Bligh, who had learned his craft under Capt. James Cook, rose to the occasion. He piloted the launch west to Australia and eventually to a Dutch settlement on Timor, after a harrowing 48-day journey covering 3,600 miles. (To put this achievement in perspective, consider that Shackleton is justly celebrated for sailing a boat of similar size 800 miles, from Elephant Island to South Georgia.) After Bligh returned home, the admiralty dispatched an avenging frigate to Tahiti. Fourteen mutineers were captured there; the rest, led by Christian, had kidnapped some Tahitians and disappeared into the vast Pacific with the Bounty. Decades later, their descendants were discovered on Pitcairn Island, along with a single surviving mutineer. It wasn’t Christian, who apparently had been murdered a few years after reaching Pitcairn. Most of the mutineers met violent ends, while Bligh lived to a ripe old age and retired a vice admiral of the blue. Historians long ago exonerated him of most of the charges his enemies leveled against him. Yet the dark legend lives on.

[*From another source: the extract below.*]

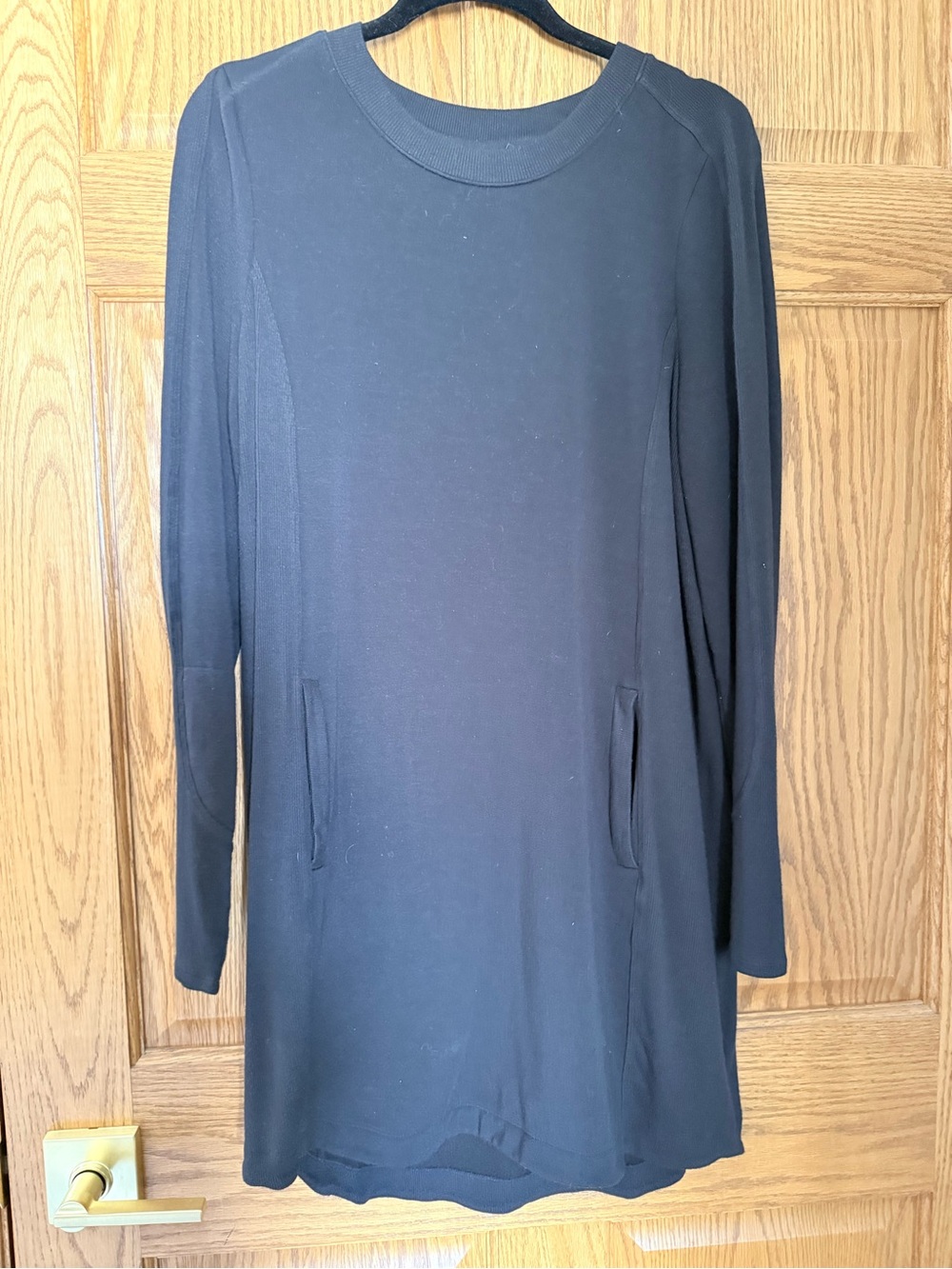 Athleta Navy-Black Long Sleeve Shift Dress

Alexander ably traces the process by which Bligh was transformed into the villain of the piece. Basically, he was done in by bad timing. The Bounty was seized only three months before the Bastille was stormed. As Alexander notes, it was the best of times for romantic rebels and the worst of times for stern authority figures: “Into this atmosphere of radical sympathizers and ardent abolitionists was now flung the saga of the Bounty -- a story of a young gentleman who, ‘agonized by unprovoked and excessive abuse and disgrace,’ stood up for his natural rights and overthrew the oppressive tyrant who was his captain. Bucking the despised authority, he sailed away to freedom in the South Pacific.”

Against what she characterizes as “the power of a good story,” Bligh stood no chance. Christian’s partisans included William Wordsworth. Bligh’s champion was Banks, president of the Royal Society, of which Bligh was a member. Poetry routed science, and it has held the field ever since. Alexander constructs a good story of her own from the historical record, and she is very much a Bligh partisan, but “The Bounty” is unlikely to overturn the myth. It will, however, please its readers.

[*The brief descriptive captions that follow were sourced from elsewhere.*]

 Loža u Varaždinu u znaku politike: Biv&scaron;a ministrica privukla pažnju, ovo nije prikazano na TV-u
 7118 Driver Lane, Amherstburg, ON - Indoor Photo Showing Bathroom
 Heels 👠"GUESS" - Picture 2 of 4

“Endurance” fans be warned: This is a different kind of book. “Endurance” was only 204 pages long, with roughly half of them devoted to Frank Hurley’s haunting photographs, and Alexander’s text leaned heavily on the vividly written memoirs of Shackleton and his companions. In “The Bounty,” she relies mostly on her own prose to sustain the momentum of a densely textured, much longer narrative. She succeeds admirably, even if she occasionally leaves a bit too much of her research on the page. (Authors who spend years in libraries poring over documents are a bit like producers who spend enormous sums to make a film and want to see the money on the screen.)

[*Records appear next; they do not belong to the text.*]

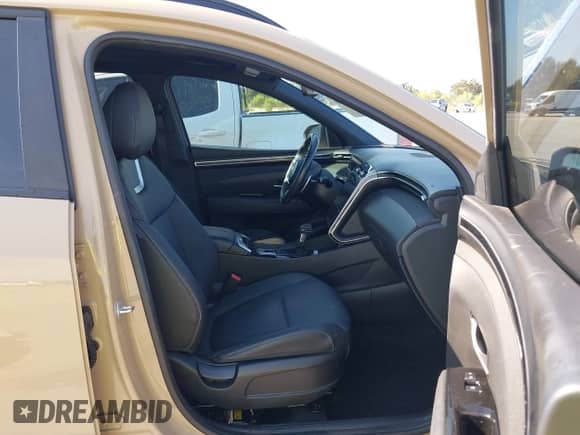 2023 Hyundai Santa Cruz Limited z VIN 5NTJEDAF6PH071136, wystawiony jako IAAI lot #42913930 z przebiegiem 33 057 mil mil oraz . Historia ofert i sprzedaży dostępna na DreamBid. Obrazek 5.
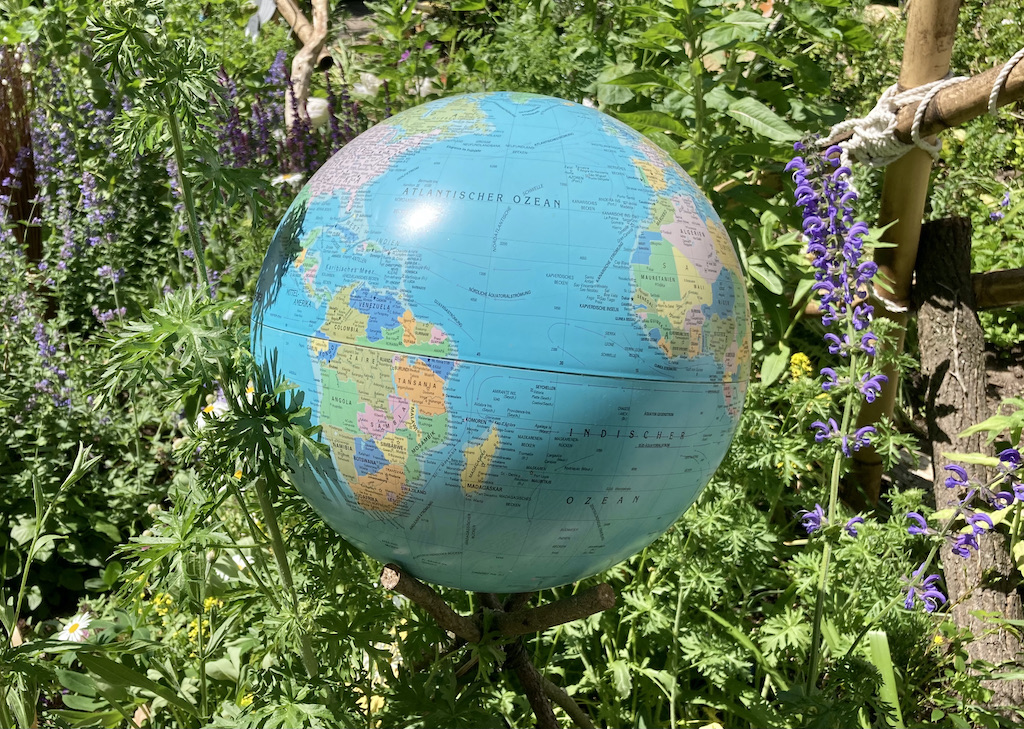 Globus im Garten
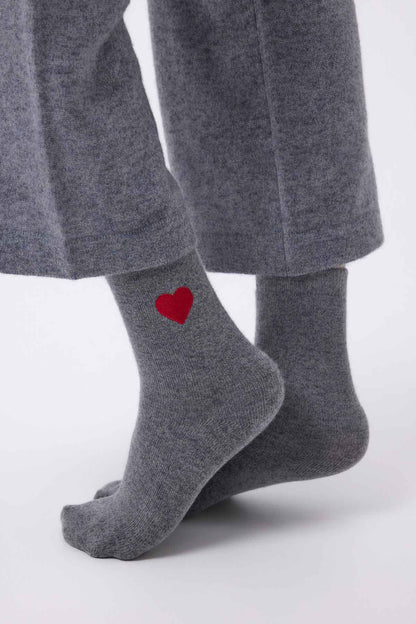 Love gris foncé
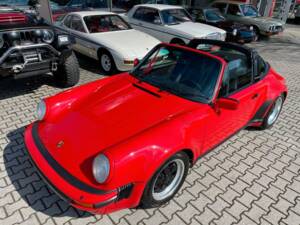Afbeelding 2/20 van Porsche 911 Carrera 3.2 (1986)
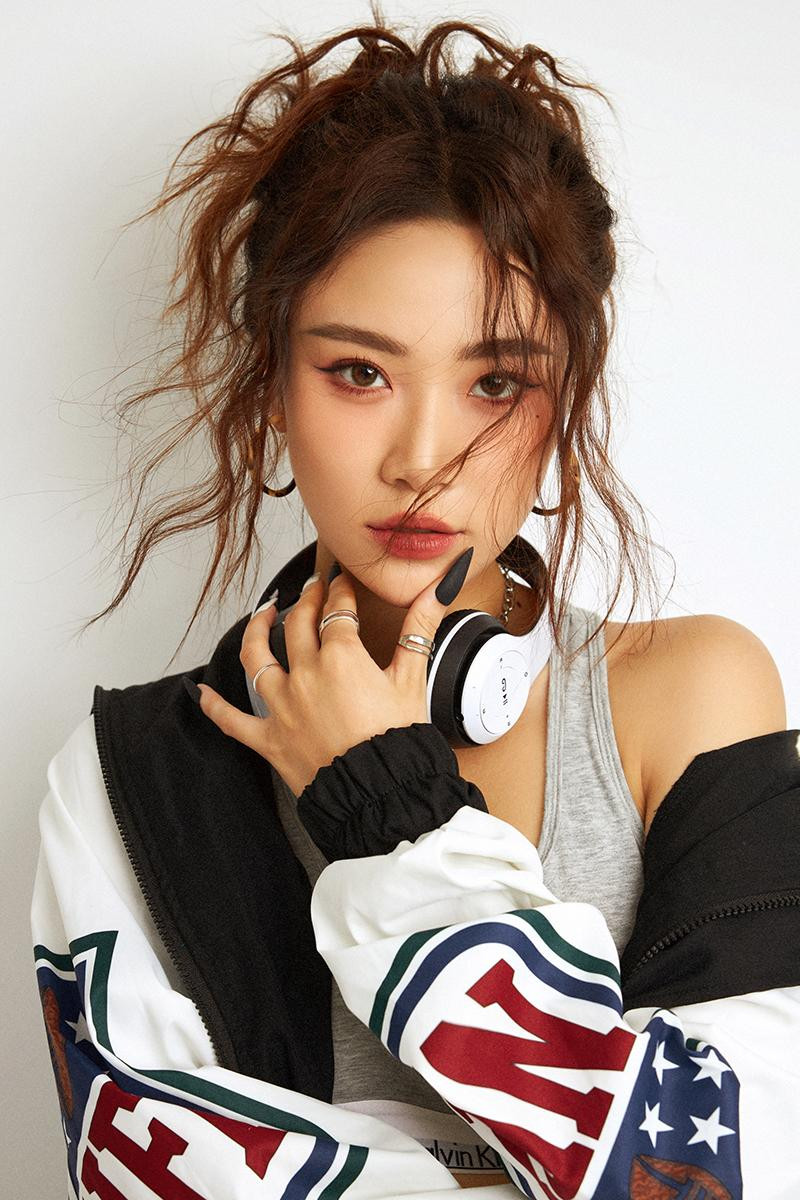 Nguyễn Thị Mai Huê (sinh năm 2002) đang là sinh viên chuyên ngành Diễn viên kịch, điện ảnh - truyền hình của trường Đại học Sân khấu - Điện ảnh Hà Nội.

What drove the tormented Christian to mutiny? Despite her prodigious research, Alexander leaves the mystery intact. Yes, Bligh was a micromanager with a short fuse who verbally abused his subordinates, but Christian had sailed with him twice before and presumably was used to his ways. Alexander suggests that Christian was the victim of “a low moment on one gray dawn,” when, to salve his wounded pride, he gave in to a sudden impulse that could not later be retrieved. Had he let the moment pass, she implies, the Bounty would have sailed safely on to deliver its load of breadfruit, and William Bligh today would slumber in honorable obscurity.